Problem: Leave the pictures out, and print everything else in the records exactly.

::: Records provided

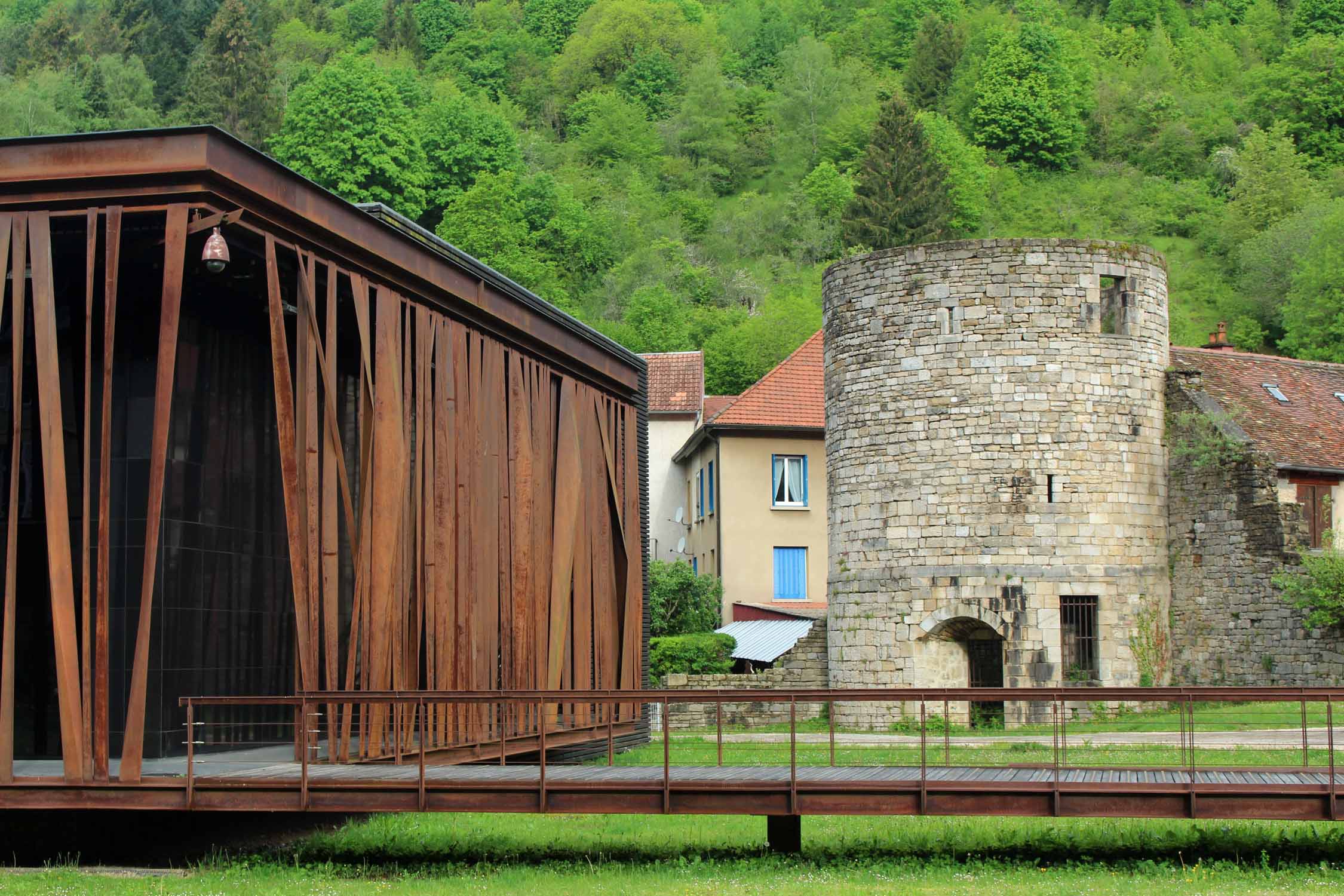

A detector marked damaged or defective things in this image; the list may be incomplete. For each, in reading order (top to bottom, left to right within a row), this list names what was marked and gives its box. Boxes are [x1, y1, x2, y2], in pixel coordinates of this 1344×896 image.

rusty corten steel building [0, 125, 655, 784]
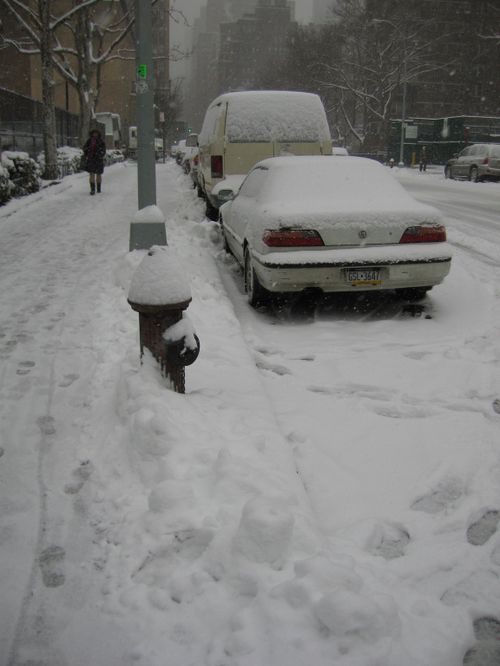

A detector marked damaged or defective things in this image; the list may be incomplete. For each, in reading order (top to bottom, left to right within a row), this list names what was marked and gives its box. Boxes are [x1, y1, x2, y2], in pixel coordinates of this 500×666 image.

rusty hydrant body [127, 245, 199, 392]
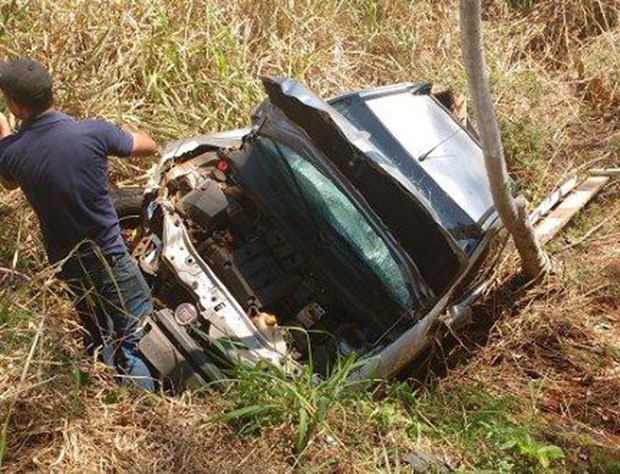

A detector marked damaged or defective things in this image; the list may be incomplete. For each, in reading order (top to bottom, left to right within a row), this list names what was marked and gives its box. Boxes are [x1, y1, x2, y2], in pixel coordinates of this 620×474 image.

crashed car [114, 77, 506, 388]
overturned vehicle [114, 78, 506, 388]
shattered windshield [260, 138, 414, 308]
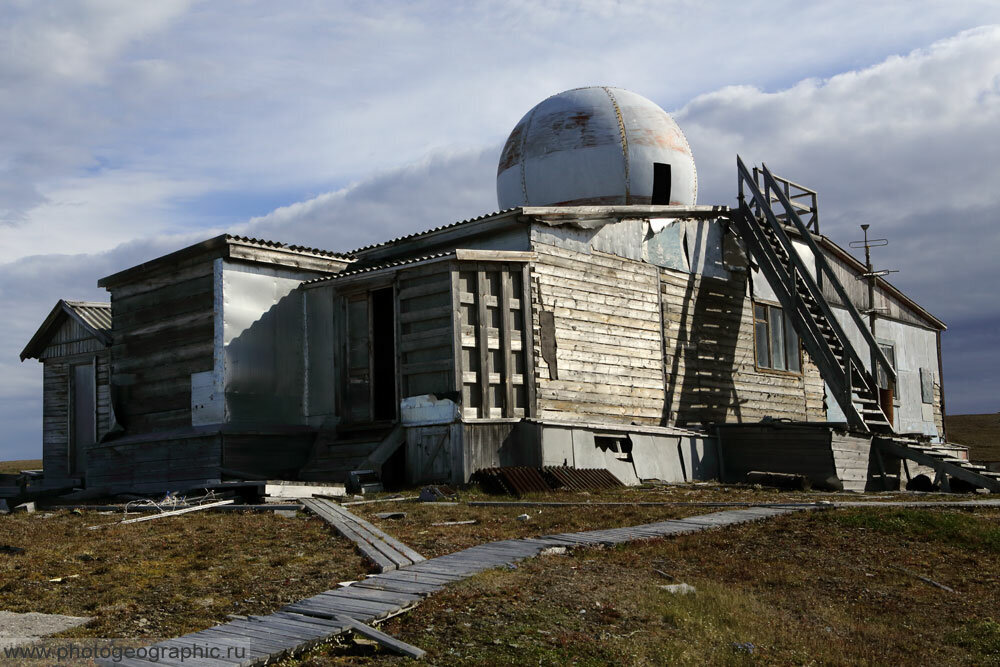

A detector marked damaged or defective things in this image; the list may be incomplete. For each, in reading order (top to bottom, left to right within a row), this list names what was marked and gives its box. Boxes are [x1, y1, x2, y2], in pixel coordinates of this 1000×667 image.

rusted metal structure [23, 87, 992, 496]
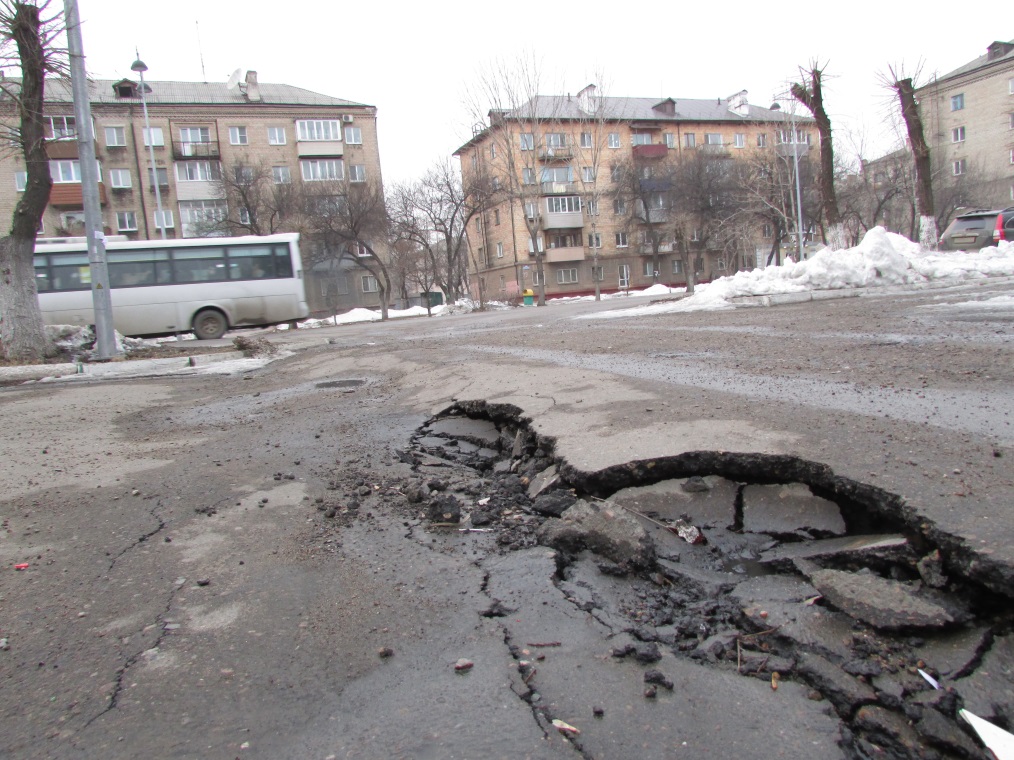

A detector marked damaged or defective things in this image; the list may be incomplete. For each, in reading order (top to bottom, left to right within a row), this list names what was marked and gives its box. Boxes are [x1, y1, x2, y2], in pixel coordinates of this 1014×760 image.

damaged asphalt road [0, 281, 1009, 760]
cracked asphalt [0, 281, 1009, 760]
large pothole [397, 401, 1014, 760]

::::::

Response for this exercise:
A detector marked damaged or defective things in this image; the list may be incomplete. For each, in reading order (top to bottom, left to right within a row), this list names what was marked and gives its box. Boxes are [x1, y1, x2, y2], in pixel coordinates of this 1344×896 image.

rusty corten steel building [0, 125, 655, 784]

A detector marked damaged or defective things in this image; the list may be incomplete. For each, in reading order (top to bottom, left to right within a row), this list names what was marked and gives its box. Boxes are [x1, y1, x2, y2], in pixel coordinates of this 500×666 image.

rusty hydrant body [127, 245, 199, 392]

A detector marked damaged or defective things in this image; the list may be incomplete. For each, in reading order (top to bottom, left to right within a row), this list names what was marked and gives its box. Boxes are [x1, y1, x2, y2], in pixel coordinates of this 620×474 image.

crashed car [114, 77, 506, 388]
overturned vehicle [114, 78, 506, 388]
shattered windshield [260, 138, 414, 308]

A detector marked damaged or defective things in this image; the list may be incomplete. For each, in reading order (top to bottom, left to right within a row), this list names what was marked and gives its box. Boxes are [x1, y1, x2, y2], in pixel coordinates of this 1000×667 image.

rusted metal structure [23, 87, 992, 496]

A detector marked damaged or defective things in this image; the list may be incomplete. For each, in reading order (top to bottom, left to right within a row), this list names what was marked and gives its box. Boxes are [x1, y1, x2, y2], in pixel coordinates of this 1014×760 image.

damaged asphalt road [0, 281, 1009, 760]
cracked asphalt [0, 281, 1009, 760]
large pothole [397, 401, 1014, 760]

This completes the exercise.